We can use this labeled, historical event data—in this fraud detection use case, the label “is_fraud” indicates whether the transaction was fraudulent—as a training data set. But just having a training dataset isn’t nearly enough. We need to set up a feature data pipeline to compute and serve this data to our model, since we’ll want to serve fresh features at inference time and update historical data as new events come in.

This is where our feature store comes into play. Tecton lets us define feature views that convert raw data from streaming, batch, and real-time sources into features that support both model training and online serving – and it will ensure that the same transforms are used in both cases.

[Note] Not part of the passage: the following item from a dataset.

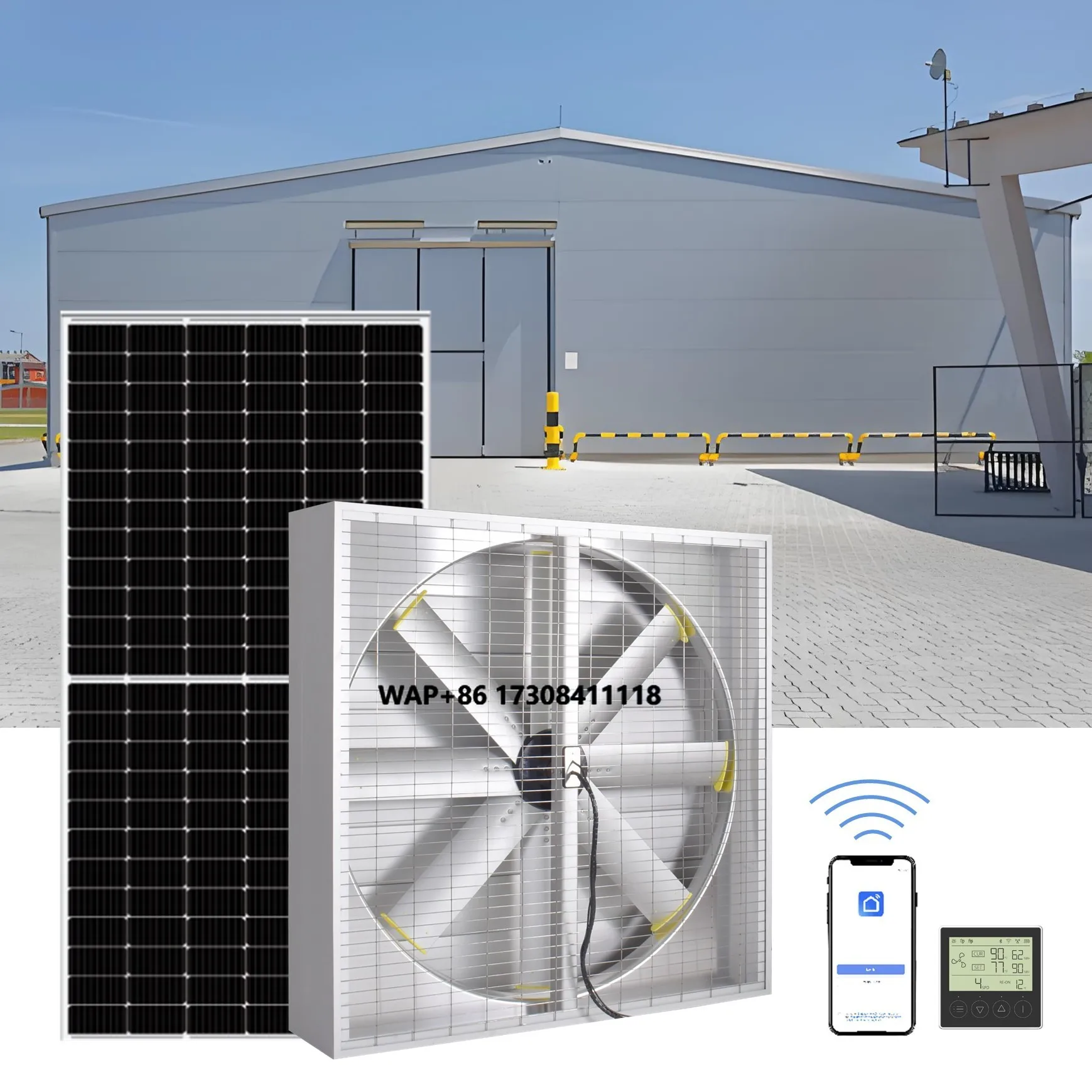 

Large Poultry Farm Wall Exhaust Fan with Solar Panel Axial Flow Fan Warehouse Chicken House Solar Air Ventilation Cooling Fan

In fact, Tecton is going to create and manage all our data pipelines for us – so we can focus on selecting the most useful features.

We’ll begin by creating a streaming feature view that captures recent account activity patterns.

In Tecton, features are defined as Python code modules, typically developed in interactive notebooks. When this code is deployed to Tecton, it automatically generates data pipelines that continuously update feature values for training and serving purposes, ensuring models are always ready for training, retraining, or production deployment.

Fresh Features from Streaming Events

This streaming feature example for fraud detection computes recent spending totals along with 30-day rolling averages and standard deviations:

@stream_feature_view(
    source=transactions_stream,
    entities=[user],
    mode="pandas",
    timestamp_field="timestamp",
   features = [
       Aggregate( name="sum_amount_10min", function="sum", 
                  input_column=Field("amount", Float64),
           time_window=timedelta(minutes=10)),
       Aggregate( name="sum_amount_last_24h",function="sum", 
                  input_column=Field("amount", Float64),
                  time_window=timedelta(hours=24)),
       Aggregate( name = "amount_mean_30d",function="mean", 
                  input_column=Field("amount", Float64), 
    time_window=timedelta(days=30)),
       Aggregate( name = "amount_count_30d",function="count",
    input_column=Field("amount", Float64),
    time_window=timedelta(days=30)),
       Aggregate( name = "amount_stddev_30d",function="stddev_samp", 
                  input_column=Field("amount", Float64),
                  time_window=timedelta(days=30)),
   ],
)
def user_txn_recent_activity(transactions_stream):
    return transactions_stream[["user_id", "timestamp", "amount"]]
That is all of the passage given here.